Russia has vowed to retaliate if Norway invites the United States to more than double the number of Marines stationed in the country.

In a statement on its Facebook page, the Russian Embassy said it made the Scandinavian country "less predictable", while warning it "could cause growing tensions, triggering an arms race and destabilising the situation in northern Europe,”

It added: “We see it as clearly unfriendly, and it will not remain free of consequence.”

The response came after Oslo announced earlier this week that it would ask the US, its Nato ally, to send 700 marines to train in Norway from 2019. There are around 330 US Marines in Norway at present.

Norway said the additional troops would be based closer to the Russian border.

Oslo has grown increasingly concerned about Russia following Moscow’s annexation of Crimea from Ukraine in 2014.

However, it said it does not consider its much larger neighbour a direct threat.

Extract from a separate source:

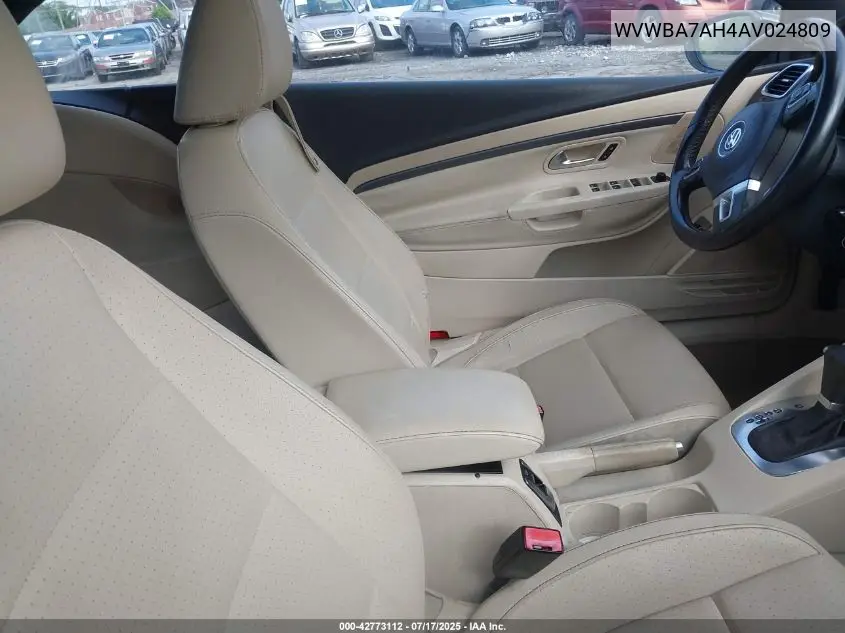 2010 Volkswagen Eos Komfort VIN: WVWBA7AH4AV024809 Lot: 42773112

Russian military hardware on display at the Victory Day parade 2018

The US Marines were scheduled to leave at the end of the year, after an initial contingent arrived in January 2017 to train for winter conditions.

They were the first foreign troops to be stationed in Norway since the Second World War.

The country’s foreign minister, Ine Eriksen Soereide, said the decision did not constitute the establishment of a permanent US base in Norway.

“There are no American bases on Norwegian soil,” she said.

In addition, the US wants to build infrastructure which could accommodate up to four US fighter jets at a base 40 miles south of Oslo, as part of a European deterrence initiative launched after Russia annexation of Crimea.

Norway said the expanded invitation was about Nato training and improving winter fighting capability.

“Allies get better at training together,” the country’s defence minister, Frank Bakke-Jensen, said.

The initial decision to welcome the Marines prompted Moscow to say it would worsen bilateral relations and escalate tensions on Nato’s northern flank.

Russia’s Northern Fleet launched a large naval exercise in the Arctic Barents Sea. Later this year, Norway will host its biggest Nato manoeuvre in decades.